C’est au rythme des danses et des chants que le marché coopératif Sûka Jîn a ouvert ses portes le 7 mars 2021. Porté par le « Bureau des femmes » (Mektaba Jin) de la ville de Qamishlo, ce marché dédié au travail des femmes vise à renforcer l’autonomie économique de quatorze femmes issues des diverses communautés qui habitent la région du Nord-Est de la Syrie (anciennement Rojava, ou Kurdistan syrien).
Si les images des femmes kurdes combattant pour la liberté ont fait le tour du monde, la dynamique d’émancipation sociale, économique et politique impulsée par et pour les femmes reste encore peu connue. Depuis plusieurs années, la guerre civile en Syrie, la lutte contre Daech, les attaques de l’armée turque et les crises économiques et sanitaires compromettent lourdement la capacité des peuples de la région à pourvoir à leur subsistance. Dépassant ces obstacles, dans une région où les activités commerciales sont surtout masculines, ce souk, ouvert 6 jours sur 7, permet de surmonter les inégalités et la dépendance.
Derrière les cabanettes colorées où se vendent pâtisseries, vêtements, lunettes, chaussures fleurs et petite alimentation, c’est une société plus égalitaire qui émerge. Engagées ensemble sur la voie de l’autonomie, ces femmes de 17 à 53 ans participent à créer une expérience solidaire d’économie coopérative. Grâce aux bénéfices, un fonds de roulement collectif sera créé pour subvenir aux besoins communs et appuyer leurs activités : amélioration de l’équipement, investissement en matériel de couture, par exemple.

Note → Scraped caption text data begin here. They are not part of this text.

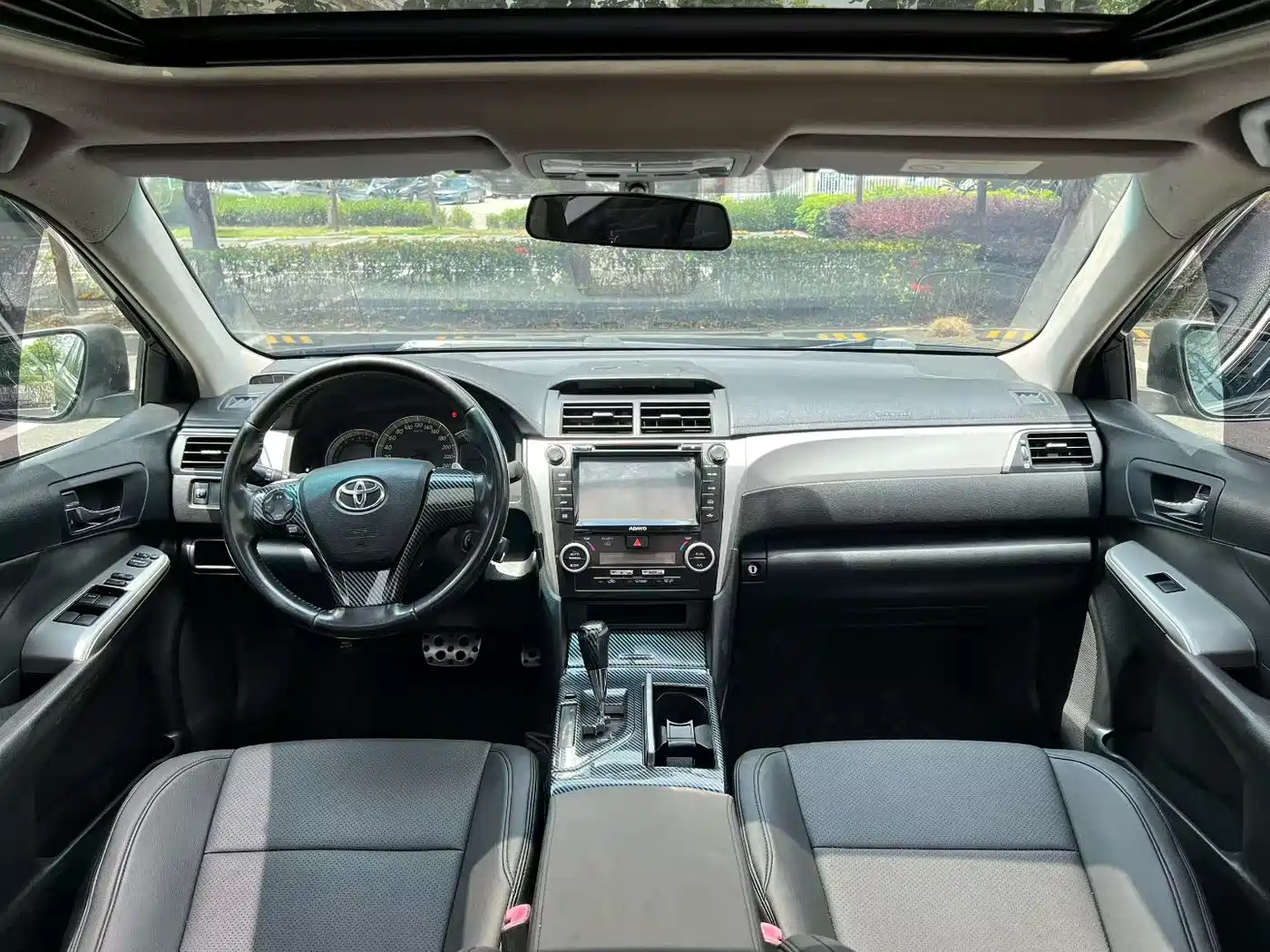 Toyota Camry 2012 Junrui 2.0S Dynamic Edition фото 8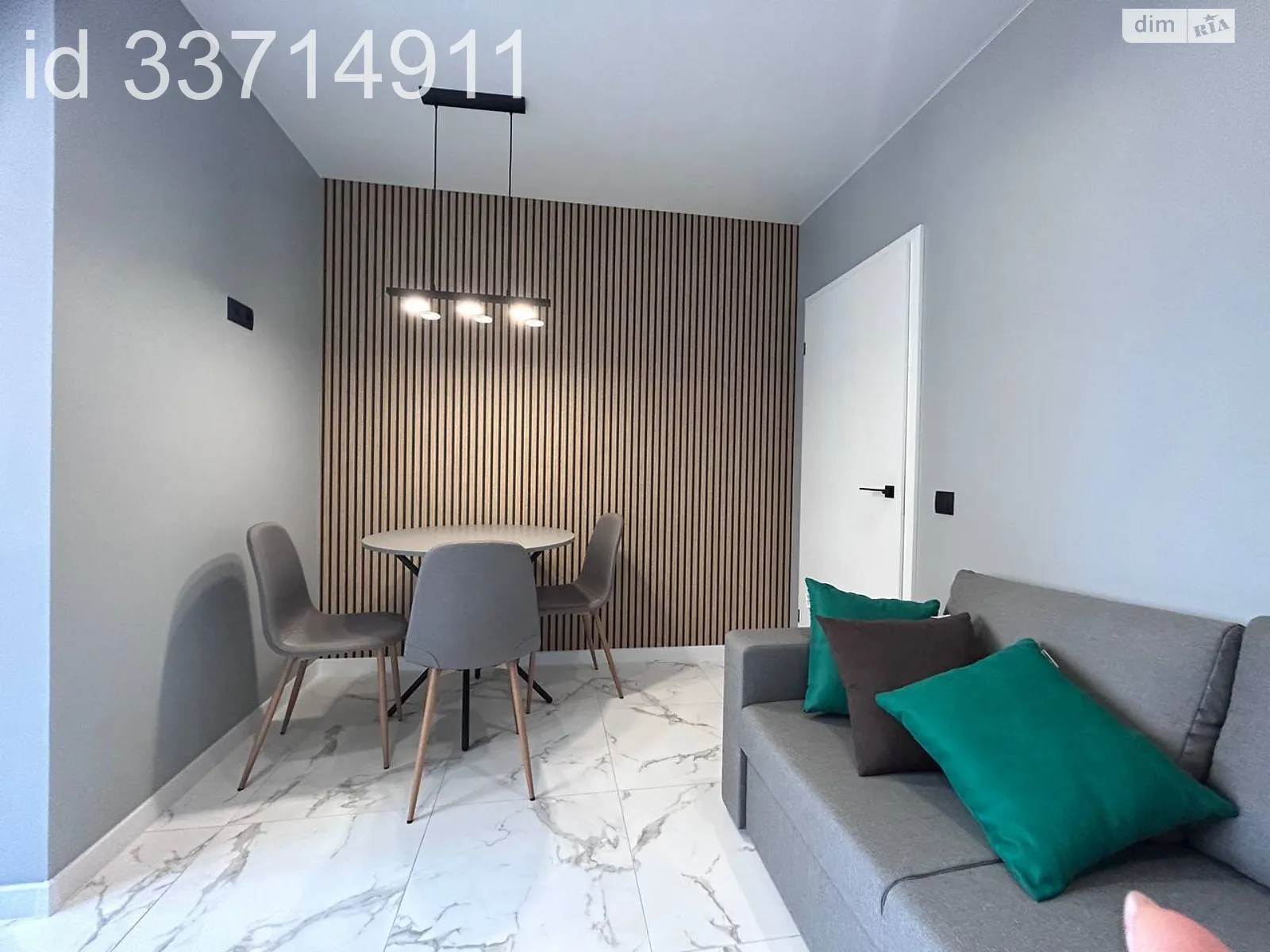 Сдается в аренду 1-комнатная квартира 46 кв. м в Хмельницком, Старокостянтиновское шоссе - фото 1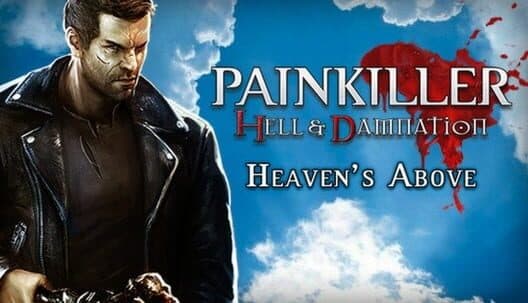 Обложка Painkiller: Hell & Damnation - Heaven's Above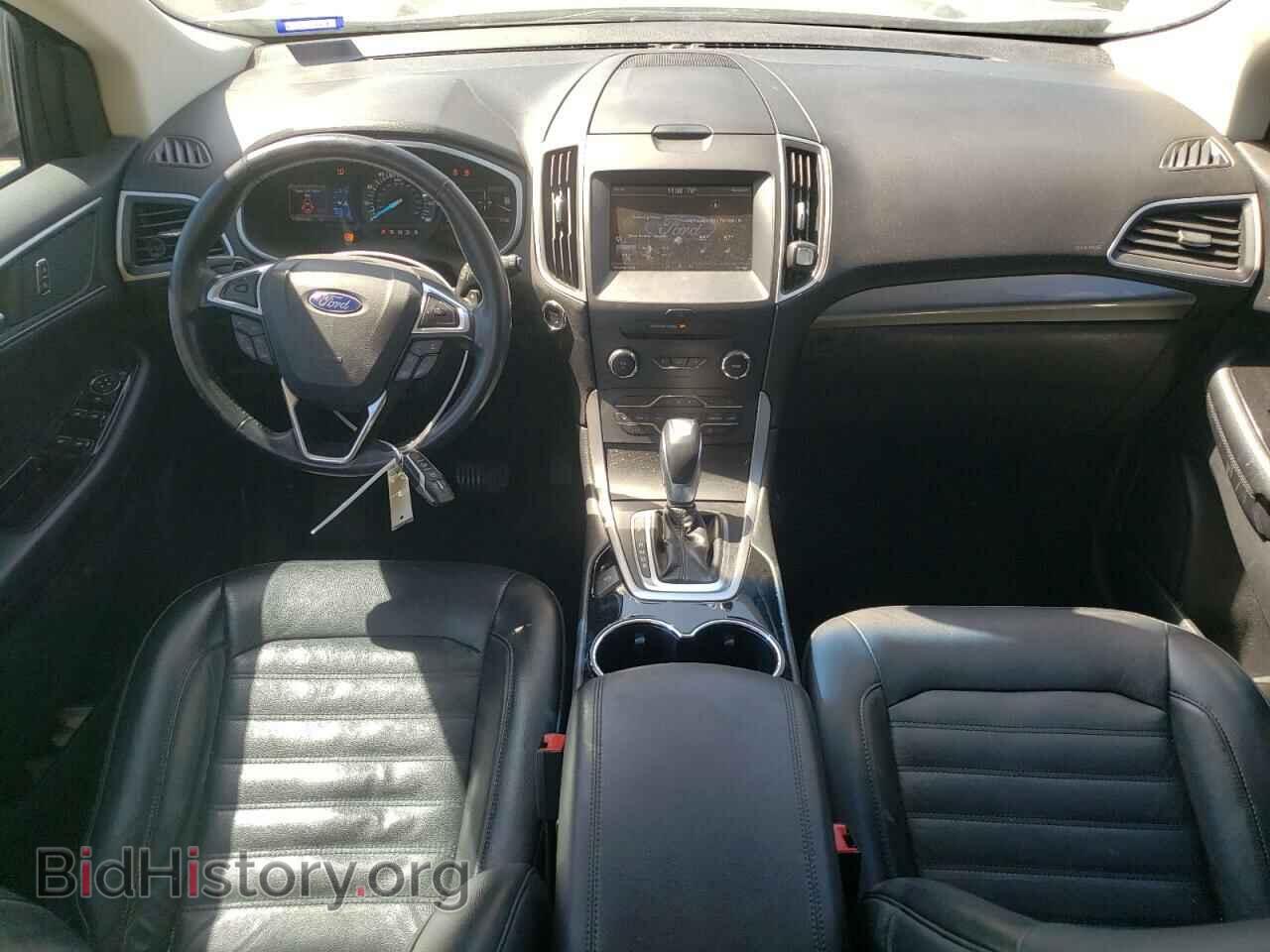 2015 FORD EDGE - VIN: 2FMTK3J82FBC11569 - Фото 8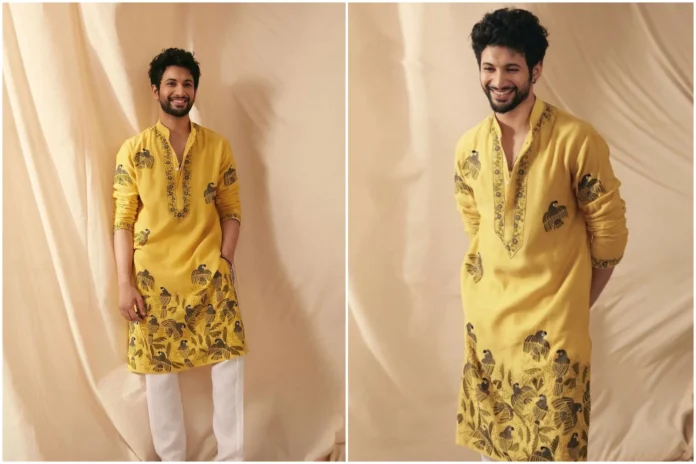 Groom's Outfit
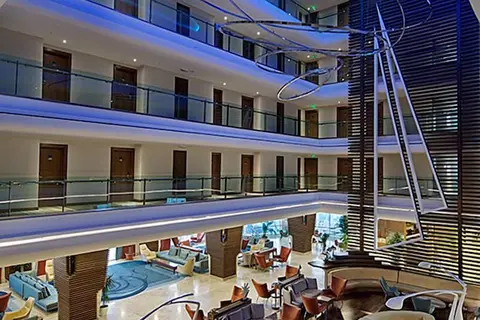 Seashell Resort & Spa in Manavgat — foto 18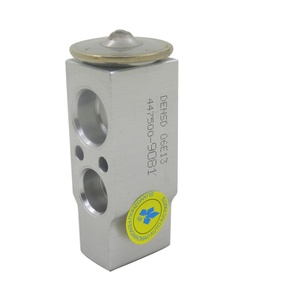 Vanne d'expansion de l'évaporateur de climatisation FMM pour LAND ROVER Discovery 3 4 Range Rover Sports LR3 LR4 NEUVE JQD500010 - Product Image 4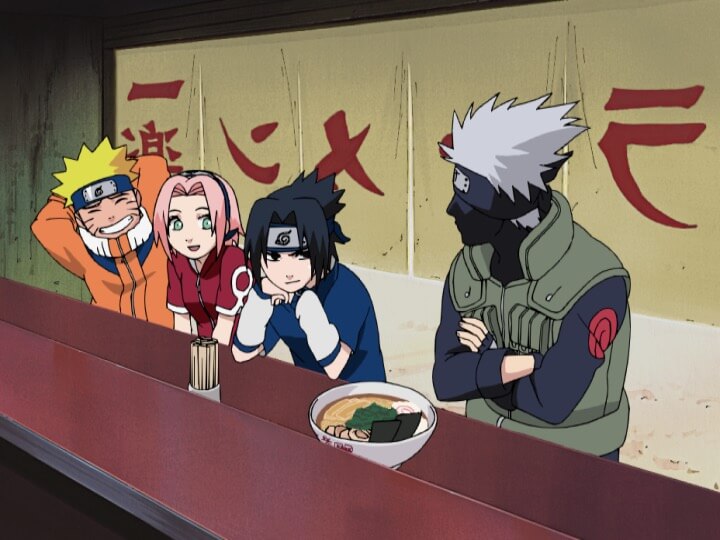 Why Does Kakashi Always Wear a Mask in 'Naruto' and Is His Face Ever Shown?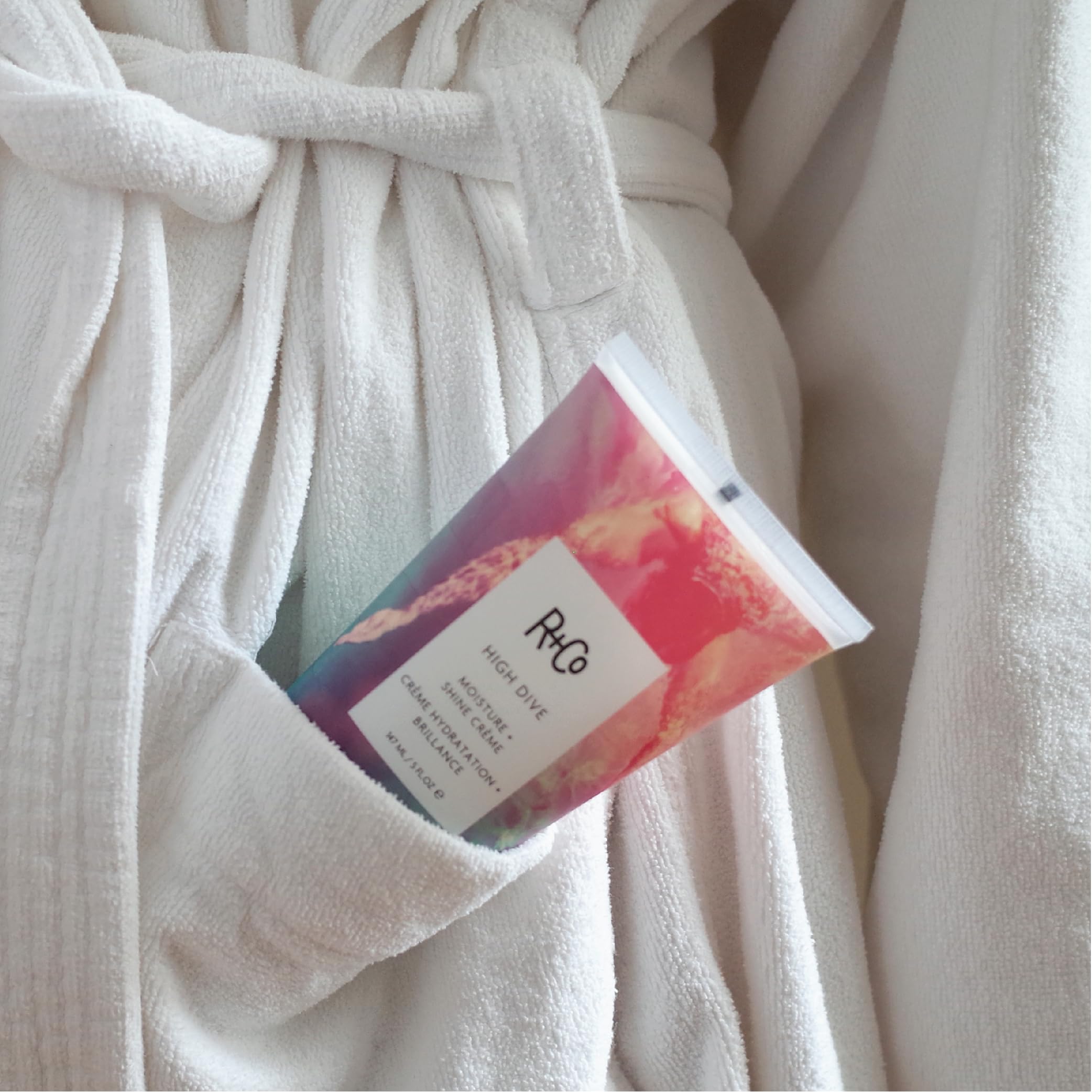 R+Co High Dive Moisture + Shine Hair Styling Crème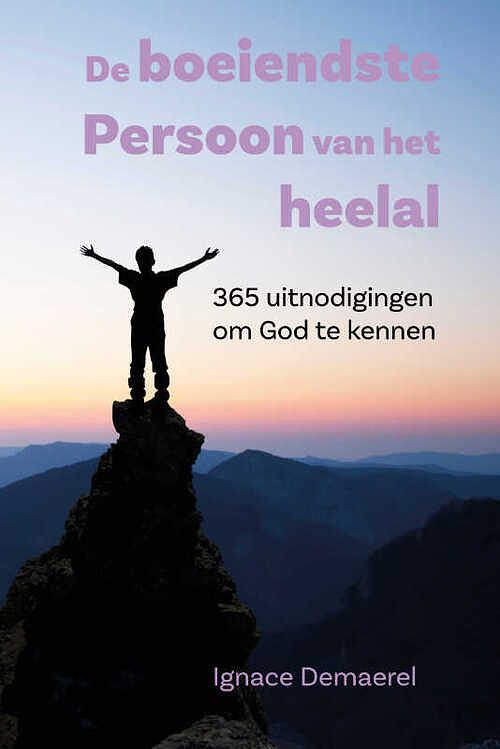 Foto van De boeiendste persoon van het heelal - ignace demaerel - paperback (9789464683370)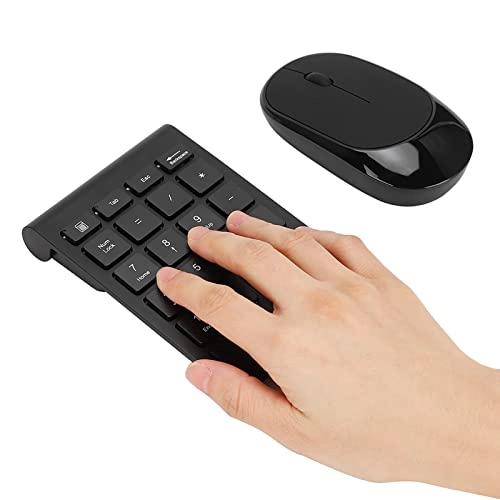 Keyboard + Mouse - Wireless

Inscrit au cœur de l’alternative politique inspirante expérimentée au Nord-Est de la Syrie, ce marché en reflète les principaux fondements. Le Sûka Jîn est une alternative concrète pour renforcer l’émancipation des femmes, leur solidarité et contribuer à déraciner un système patriarcal encore très ancré. Comme l’explique Safia, qui vend des sous-vêtements : « Avec ce projet, c’est la première fois que je peux exercer une activité professionnelle par moi-même. J’ai enfin l’opportunité de sortir de la maison, rencontrer d’autres femmes. Nous sommes devenues comme une famille de sœurs ! ».